• **Exercise prompt**:
Pictures found in the material must be left out, and every line returned as written.

• **Data segment**:
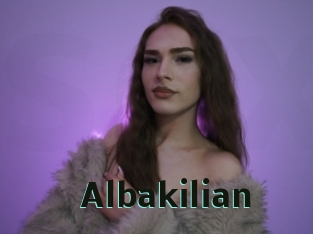 Albakilian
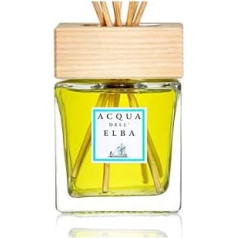 Acqua Dell'Elba Home Fragrance Diffuser - Limonaia Di Sant Andrea 500ml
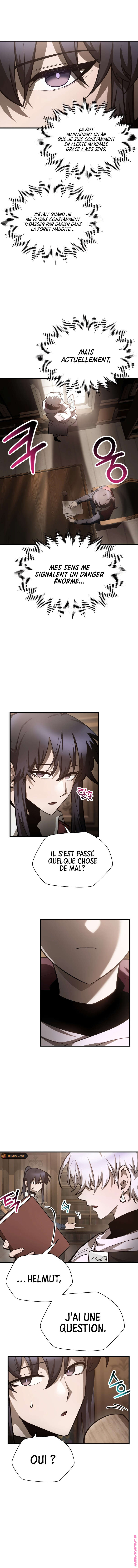 Read Helmut L’enfant Abandonné Scan Manga Online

• **Reply to the task**:
 Albakilian
 Acqua Dell'Elba Home Fragrance Diffuser - Limonaia Di Sant Andrea 500ml
 Read Helmut L’enfant Abandonné Scan Manga Online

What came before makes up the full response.